Notice that you append both the user message and the assistant's reply. If you only stored user turns, the bot would lose its own answers and contradict itself. This list-based approach is everything memory really is. The catch is that the list grows forever, and every model has a limit on how much text it can read at once. When a long chat eventually hits that wall you will see a context-length error; Fix the Context-Length-Exceeded Error in Python shows how to trim or summarise old turns. For production-grade strategies like storing history in a database keyed by session, see Add Memory to a Python Chatbot.

Step 3: Ground answers in your own data with retrieval

A general model knows nothing about your return policy or your product catalogue, and it will happily invent an answer rather than admit it.

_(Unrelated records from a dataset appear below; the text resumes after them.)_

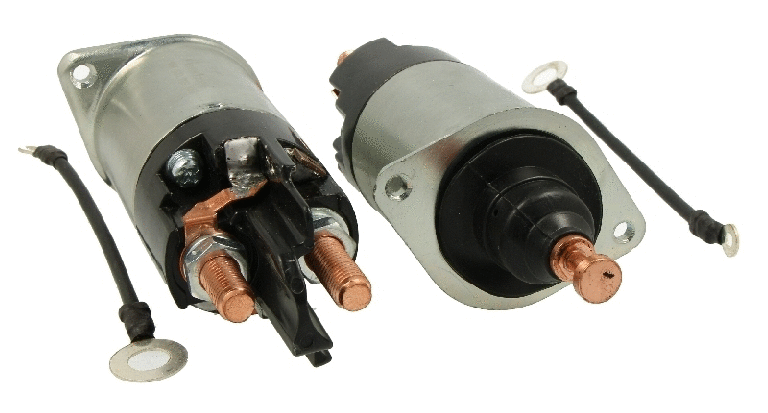 Solenoid Switch, starter (054.000.209.036)
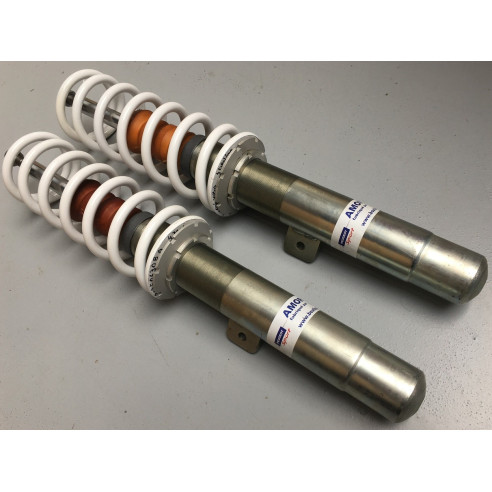 Kit amortisseurs AV 206 XS Volant Version Terre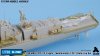 1/700 HMS Type 23 Westminster (F237) Detail Up Set for Trumpeter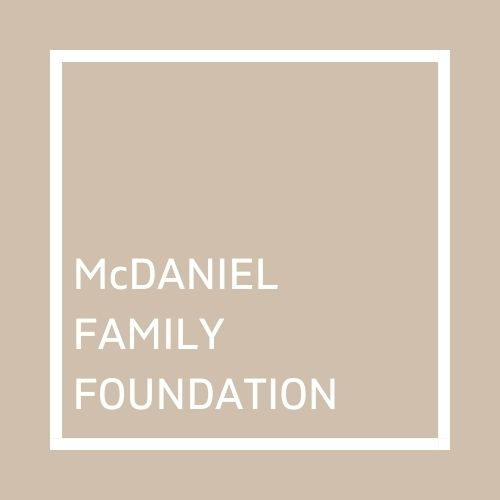 Mc Daniel Family Foundation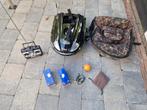 Baitcruiser mini., Ophalen of Verzenden, Zo goed als nieuw, Overige typen
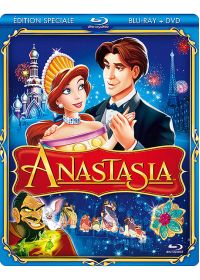 Anastasia - Blu-ray
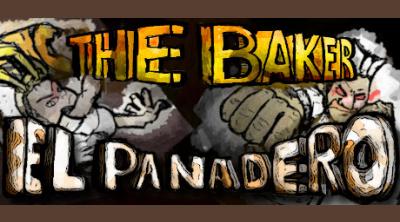 Logo of El Panadero -The Baker-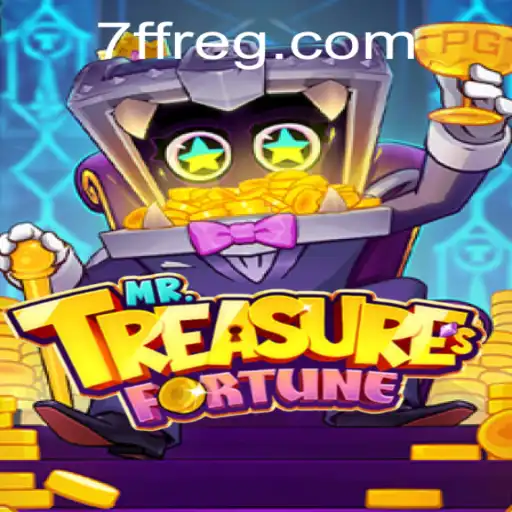 Descubra o Mundo de MrTreasuresFortune: Regras e Introdução ao Jogo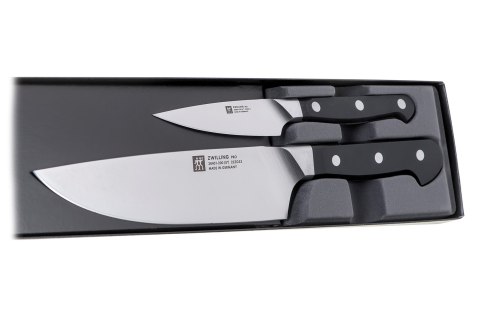 ZWILLING Zestaw 2 noży ZWILLING Pro 38430-004-0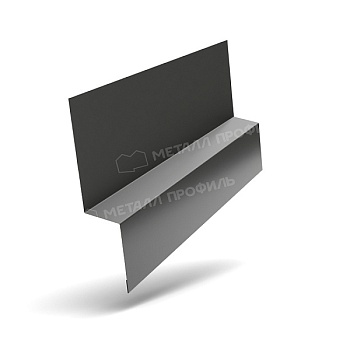 Планка начальная FASTCLICK 55х30х3000 (PURETAN-20-RR23-0.5), заказать, купить, стоимость, доставка, цена, москва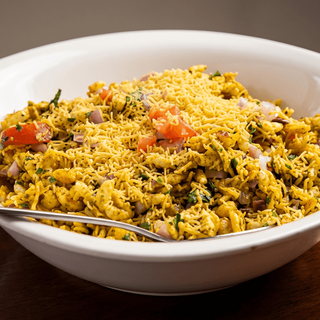 Bhelpuri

Retrieval fixes this. Before answering, you find the snippets of your own documents most relevant to the question and paste them into the prompt as context. This pattern is called RAG — Retrieval-Augmented Generation.

The matching step uses embeddings: numeric fingerprints of text where similar meanings sit close together in mathematical space. The phrase "kids' helmet colours" and the sentence "Kids' helmets come in red, blue, and matte black" produce vectors that point in nearly the same direction, even though they share few exact words. That is the magic — embeddings match on meaning, not keywords, so a customer does not have to phrase their question exactly the way your document is written.

The workflow is three steps: embed your documents once and keep the vectors, embed the user's question at query time, then measure which document vectors point most nearly the same way as the question vector. Here is a minimal, dependency-light version using numpy for the similarity maths so you can see exactly what happens with no framework hiding the logic.

import os
import numpy as np
from dotenv import load_dotenv
from openai import OpenAI

load_dotenv()
client = OpenAI()
EMBED_MODEL = os.getenv("EMBED_MODEL", "text-embedding-3-small")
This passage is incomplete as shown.